Trade Court Upholds Use of AFA, Sends Back AFA Rate in Wood Flooring AD Review Case
The Commerce Department properly used adverse facts available for antidumping duty respondent Sino-Maple, but the agency did not properly derive the AFA rate, the Court of International Trade ruled in a Dec. 22 opinion made public Jan. 13. Judge Richard Eaton said that Commerce properly used AFA due to Sino-Maple's failure to provide constructed export price information on a per transaction basis for U.S. sales made to its U.S. affiliate by third-country manufacturers. The judge, however, sent back the AFA rate itself, finding that the agency cannot use the highest transaction-specific margin for the other respondent when setting the AFA rate. Eaton also upheld Commerce's decisions to reject separate rate applications from Scholar Home and Baishan Huafeng.
The case concerns the sixth administrative review of the antidumping duty order on multilayered wood flooring from China, in which Sino-Maple and Jiangsu Senmoa Bamboo and Wood Industry Co. served as mandatory respondents. After Sino-Maple reported that it only made sales to unaffiliated buyers in the U.S., it later came out that the respondent made sales to third-country manufacturers, which then sold merchandise to Sino-Maple's affiliate, Alpha Floors. Commerce told the respondent that those sales should be listed in the database as constructed export price sales.

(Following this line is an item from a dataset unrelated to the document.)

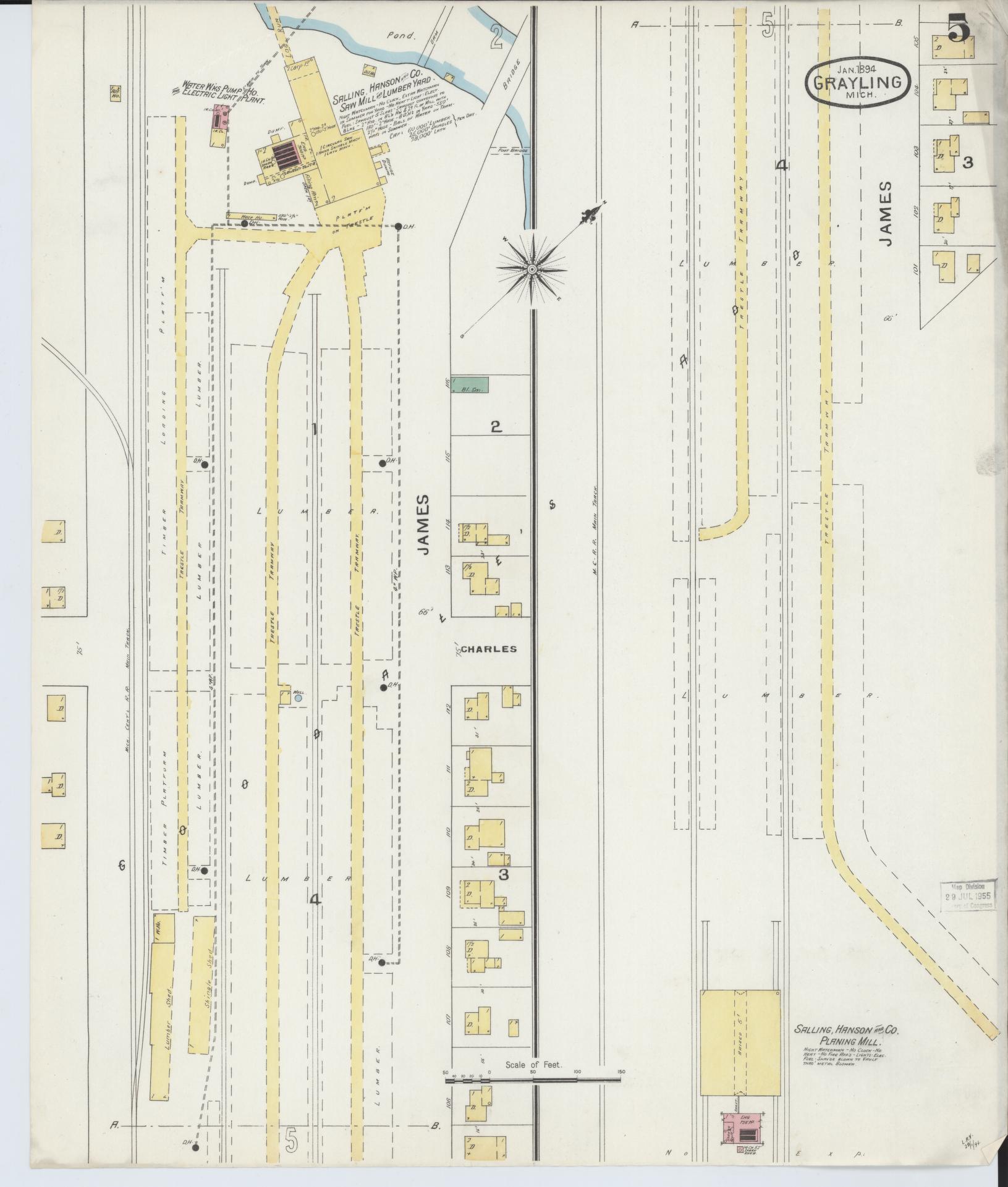 Sanborn Fire Insurance Map from Grayling, Crawford County, Michigan (1894), Sheet #0005 - Complete Map Set gallery image, historic Sanborn map, vintage wall art, Michigan Michigan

Sino-Maple asked for an extension to fully submit its sales database to include the shipments of wood flooring made in third countries using the company's plywood cores and imported by Alpha Floors. The agency denied the request, citing time restraints.The result was a zero percent margin for Senmao and a 85.13% margin for Sino-Maple. Since both of these rates were found using either zero or AFA margins, Commerce departed from its expected method and took a simple average of the marks to come up with the separate rate for those companies deemed free of Chinese government control.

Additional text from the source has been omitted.